___ Dataset records ___

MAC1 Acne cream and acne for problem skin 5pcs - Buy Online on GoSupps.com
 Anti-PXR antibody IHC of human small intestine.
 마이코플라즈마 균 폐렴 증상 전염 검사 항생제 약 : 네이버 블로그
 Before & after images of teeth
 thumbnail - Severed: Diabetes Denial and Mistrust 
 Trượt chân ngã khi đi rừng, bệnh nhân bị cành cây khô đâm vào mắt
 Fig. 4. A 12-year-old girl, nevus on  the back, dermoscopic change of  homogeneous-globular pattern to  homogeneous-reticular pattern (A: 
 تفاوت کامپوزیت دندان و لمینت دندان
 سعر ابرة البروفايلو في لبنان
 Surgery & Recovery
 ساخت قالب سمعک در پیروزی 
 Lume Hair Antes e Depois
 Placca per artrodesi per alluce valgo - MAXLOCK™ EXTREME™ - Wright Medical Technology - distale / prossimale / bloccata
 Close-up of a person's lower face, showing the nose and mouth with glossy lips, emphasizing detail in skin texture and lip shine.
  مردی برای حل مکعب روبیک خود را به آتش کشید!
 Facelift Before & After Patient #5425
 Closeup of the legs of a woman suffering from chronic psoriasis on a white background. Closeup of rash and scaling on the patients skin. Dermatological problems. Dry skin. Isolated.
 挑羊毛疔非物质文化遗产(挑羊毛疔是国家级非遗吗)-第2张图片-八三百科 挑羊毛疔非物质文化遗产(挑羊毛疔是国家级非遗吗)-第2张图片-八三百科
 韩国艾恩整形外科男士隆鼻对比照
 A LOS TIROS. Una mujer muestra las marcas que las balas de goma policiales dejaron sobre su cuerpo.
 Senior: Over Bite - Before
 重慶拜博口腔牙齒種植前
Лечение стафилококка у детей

___

For this task, print the records again exactly as they appear.

- Response to this task
MAC1 Acne cream and acne for problem skin 5pcs - Buy Online on GoSupps.com
 Anti-PXR antibody IHC of human small intestine.
 마이코플라즈마 균 폐렴 증상 전염 검사 항생제 약 : 네이버 블로그
 Before & after images of teeth
 thumbnail - Severed: Diabetes Denial and Mistrust 
 Trượt chân ngã khi đi rừng, bệnh nhân bị cành cây khô đâm vào mắt
 Fig. 4. A 12-year-old girl, nevus on  the back, dermoscopic change of  homogeneous-globular pattern to  homogeneous-reticular pattern (A: 
 تفاوت کامپوزیت دندان و لمینت دندان
 سعر ابرة البروفايلو في لبنان
 Surgery & Recovery
 ساخت قالب سمعک در پیروزی 
 Lume Hair Antes e Depois
 Placca per artrodesi per alluce valgo - MAXLOCK™ EXTREME™ - Wright Medical Technology - distale / prossimale / bloccata
 Close-up of a person's lower face, showing the nose and mouth with glossy lips, emphasizing detail in skin texture and lip shine.
  مردی برای حل مکعب روبیک خود را به آتش کشید!
 Facelift Before & After Patient #5425
 Closeup of the legs of a woman suffering from chronic psoriasis on a white background. Closeup of rash and scaling on the patients skin. Dermatological problems. Dry skin. Isolated.
 挑羊毛疔非物质文化遗产(挑羊毛疔是国家级非遗吗)-第2张图片-八三百科 挑羊毛疔非物质文化遗产(挑羊毛疔是国家级非遗吗)-第2张图片-八三百科
 韩国艾恩整形外科男士隆鼻对比照
 A LOS TIROS. Una mujer muestra las marcas que las balas de goma policiales dejaron sobre su cuerpo.
 Senior: Over Bite - Before
 重慶拜博口腔牙齒種植前
Лечение стафилококка у детей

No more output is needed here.